**Instructions to follow:** Set down, exactly as written, the lines from the top of the data to the line that holds "Polsek Asemrowo Gelar", and omit the pictures.
-------- Available records --------
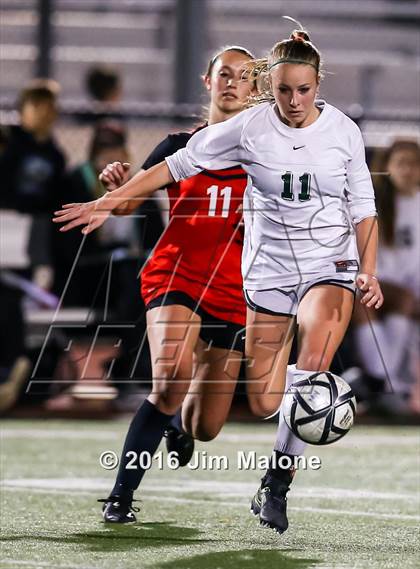 Thumbnail 3 in San Ramon Valley vs. Monte Vista (CIF NCS D1 Semifinals) photogallery.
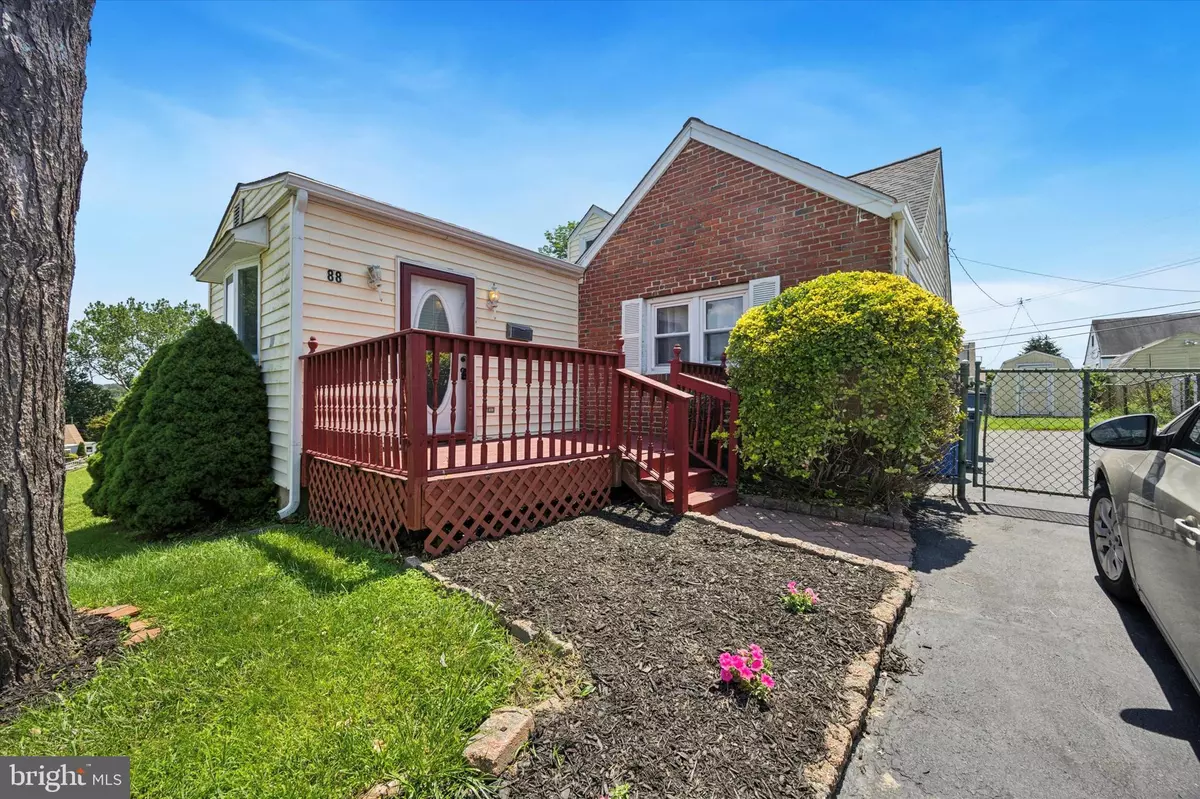 Aston, PA 19014,88 SEWARD LN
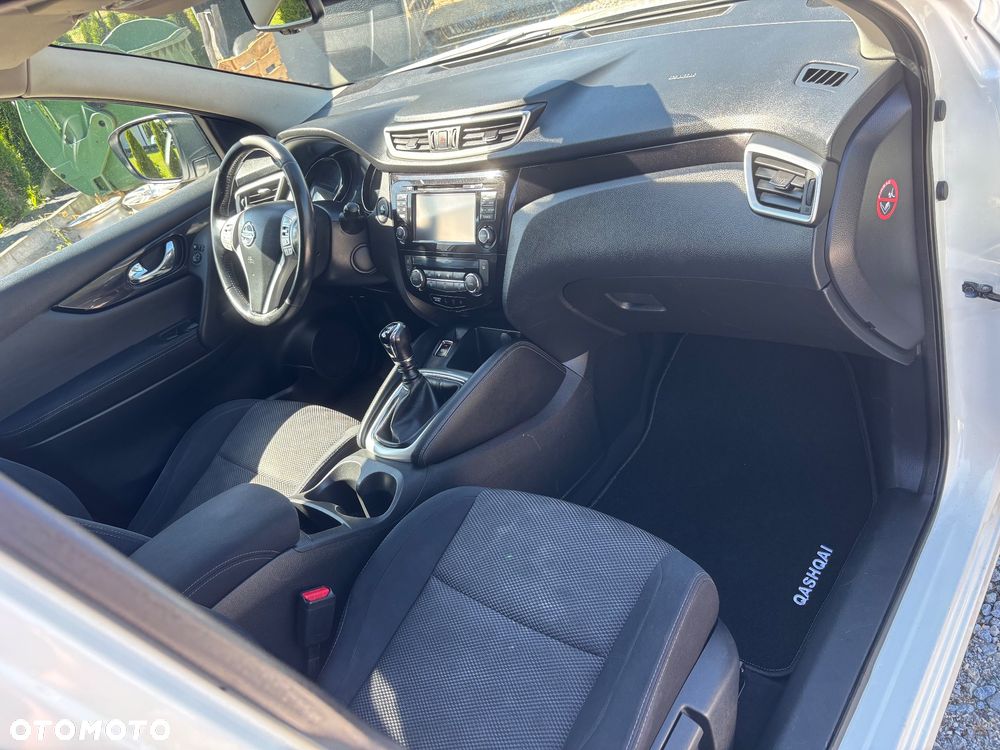 Nissan Qashqai 1.6 DCi 4x4 Tekna - 11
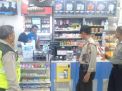 Polsek Asemrowo Gelar Patroli Malam di Mini Market, Sampaikan Pesan Waspada Uang Palsu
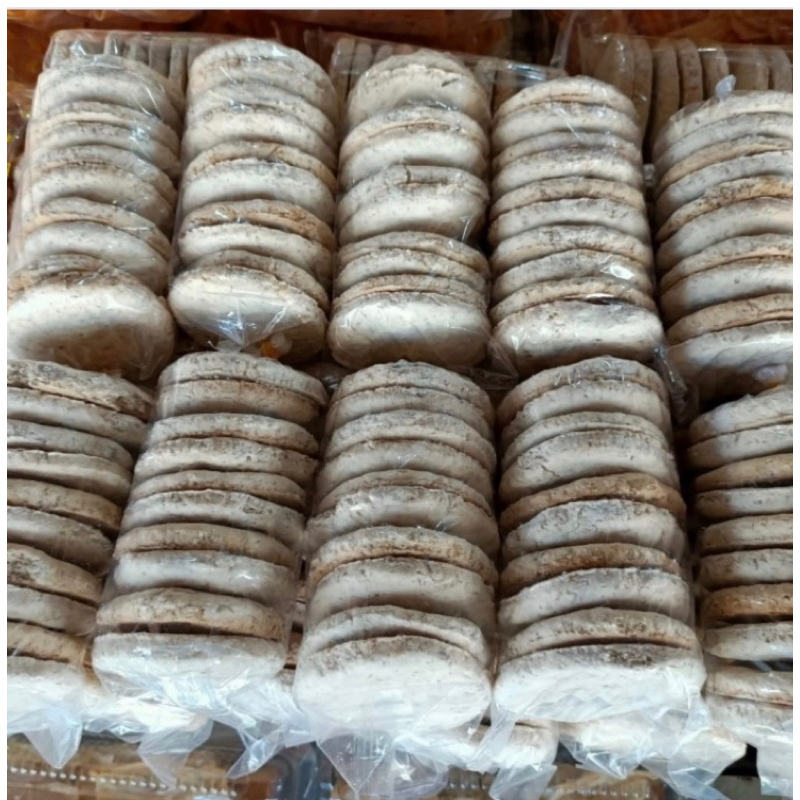 

KUE SAGU/kue sagon Khas Pontianak
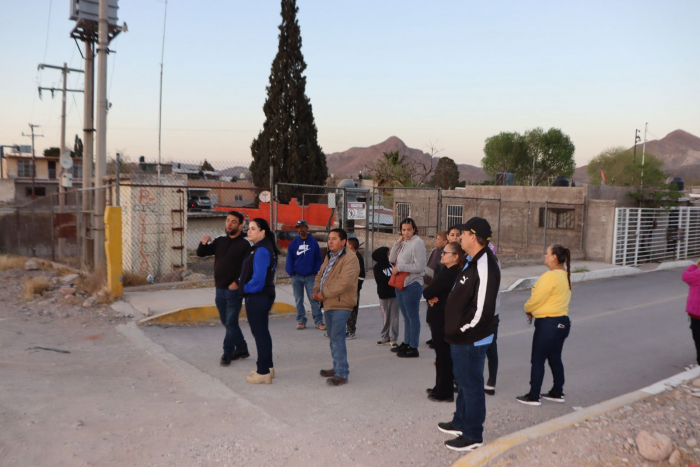 RECORRE MYRNA MONGE LA COLONIA NOMBRE DE DIOS PARA ATENDER NECESIDADES COMUNITARIAS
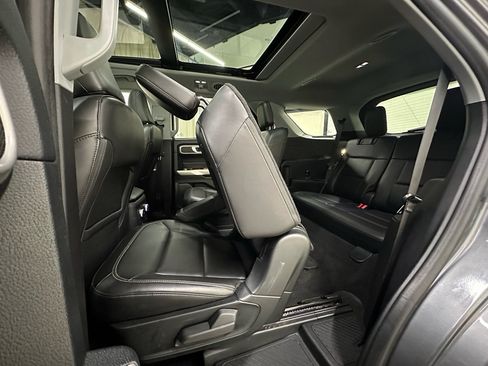 Used 2022 Ford Explorer XLT w/ Equipment Group 202A AWD/4WD image 18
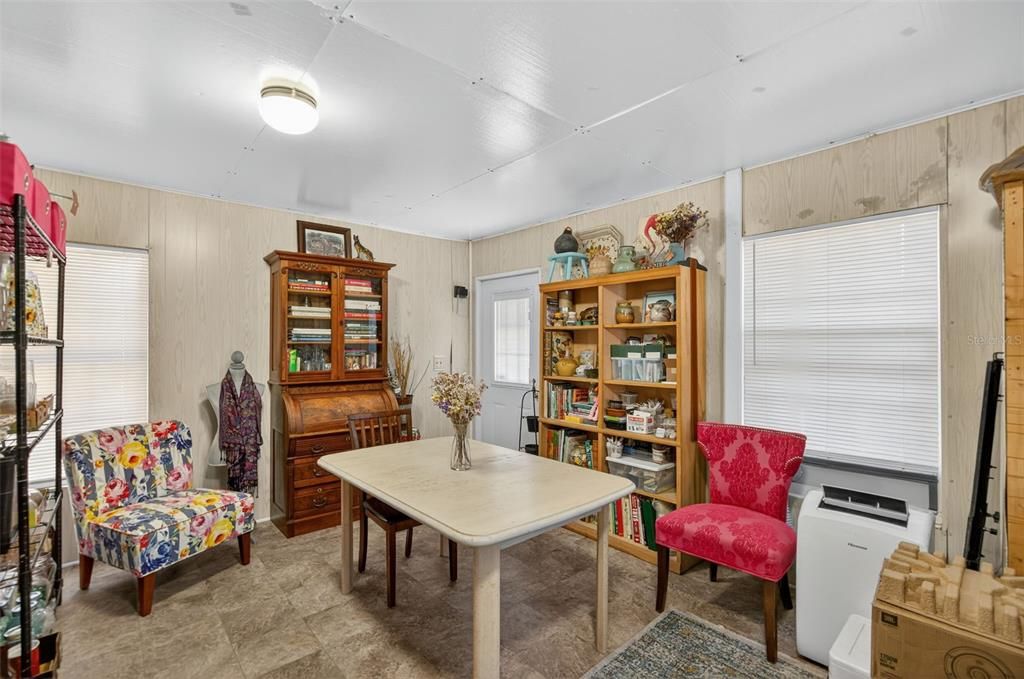 На продажу: $1,195,000 (4 спален, 2 ванн, 2583 Квадратных фут)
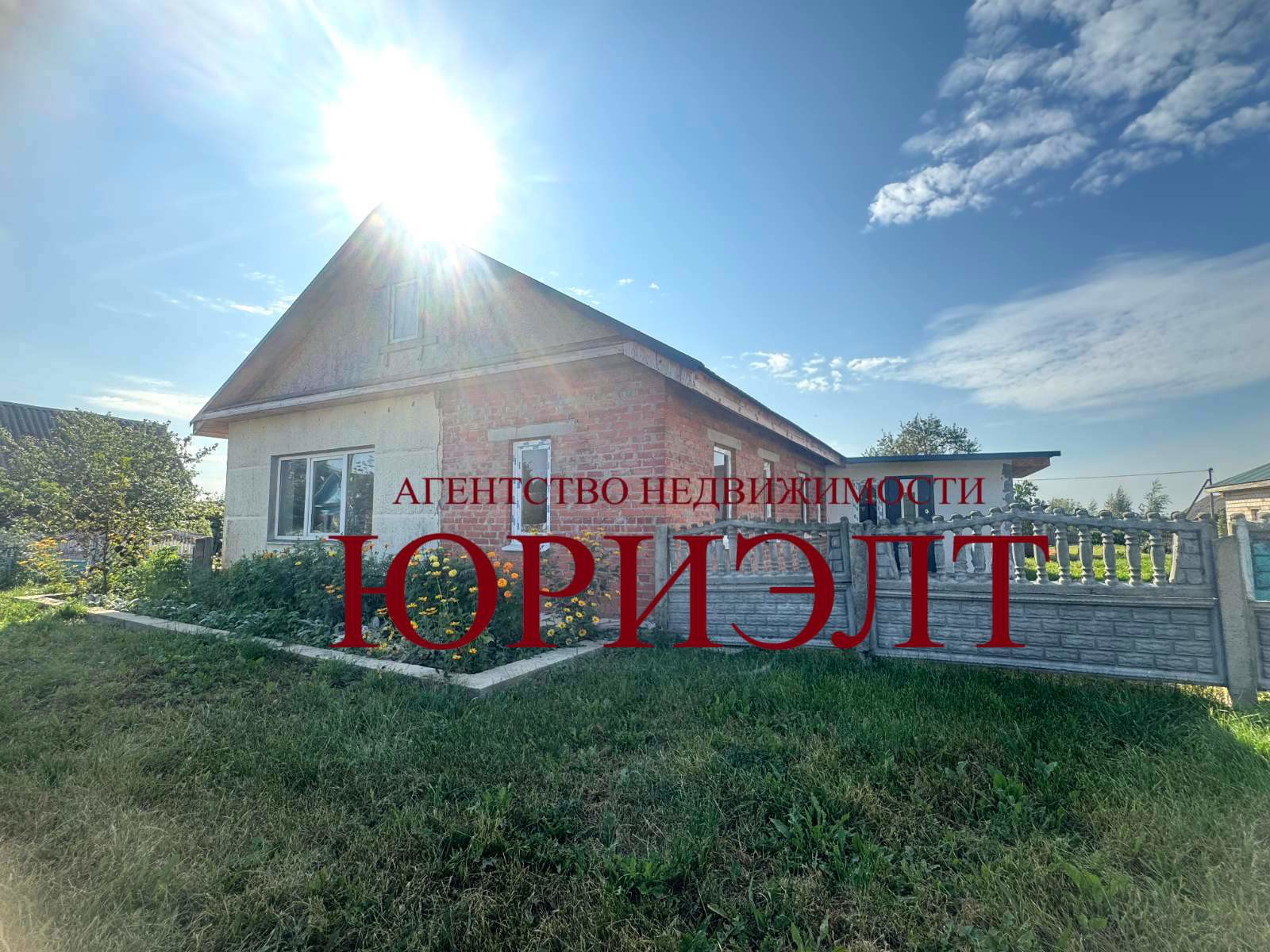Дом по адресу Школьная ул., аг. Тихиничи, Гомельская область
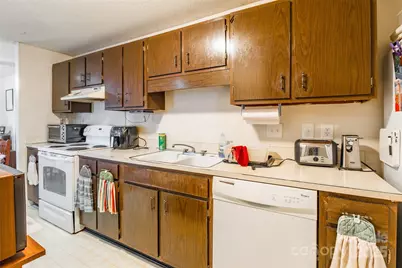 833 Farmhurst Drive, Charlotte, NC 28217 - Photo 9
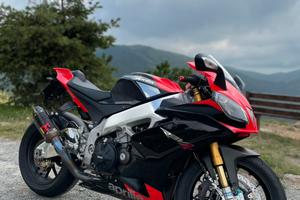 Aprilia RSV4 Factory APRC MY'11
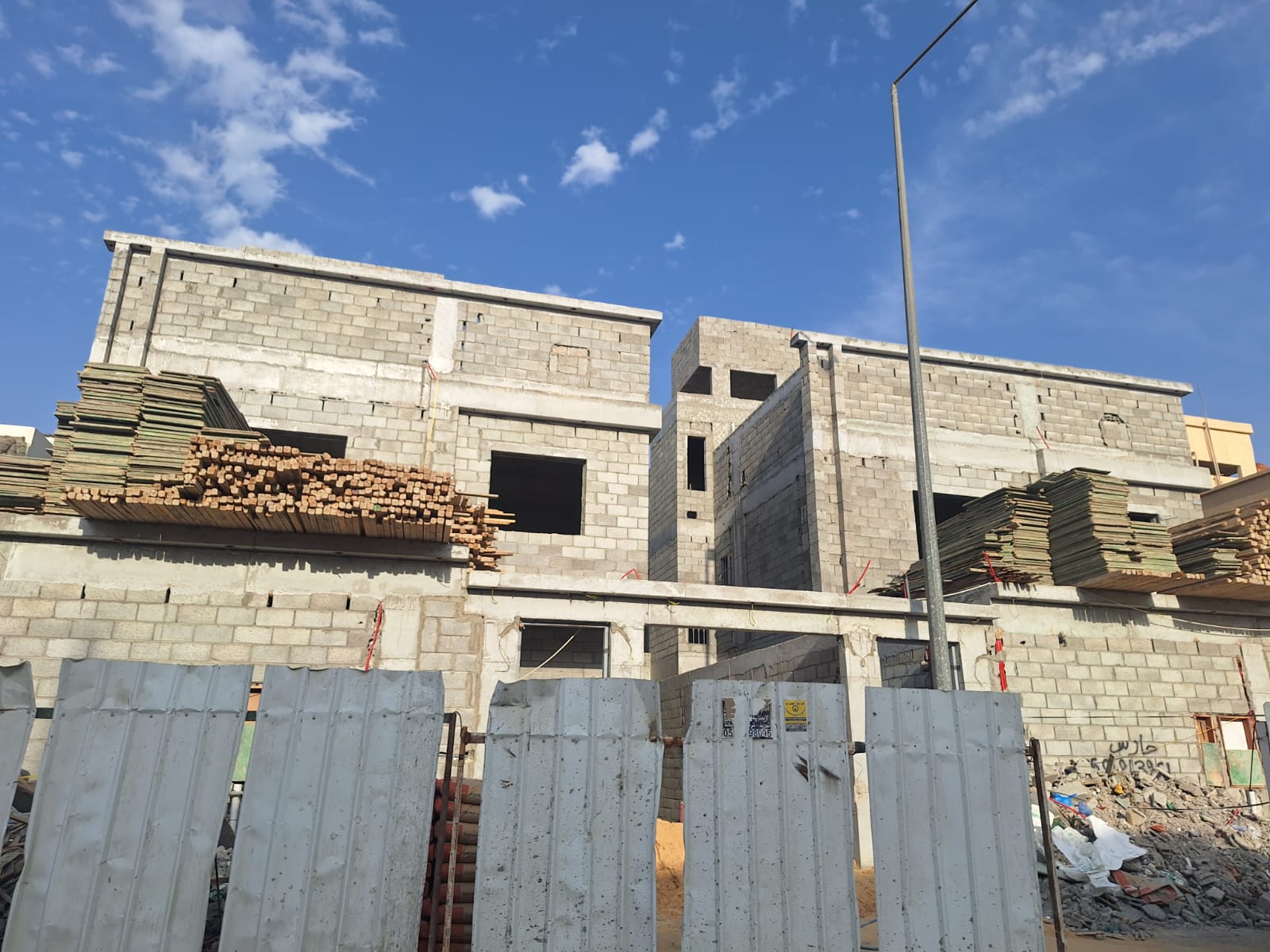 بناء ملاحق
--------
**Answer:**
 Thumbnail 3 in San Ramon Valley vs. Monte Vista (CIF NCS D1 Semifinals) photogallery.
 Aston, PA 19014,88 SEWARD LN
 Nissan Qashqai 1.6 DCi 4x4 Tekna - 11
 Polsek Asemrowo Gelar Patroli Malam di Mini Market, Sampaikan Pesan Waspada Uang Palsu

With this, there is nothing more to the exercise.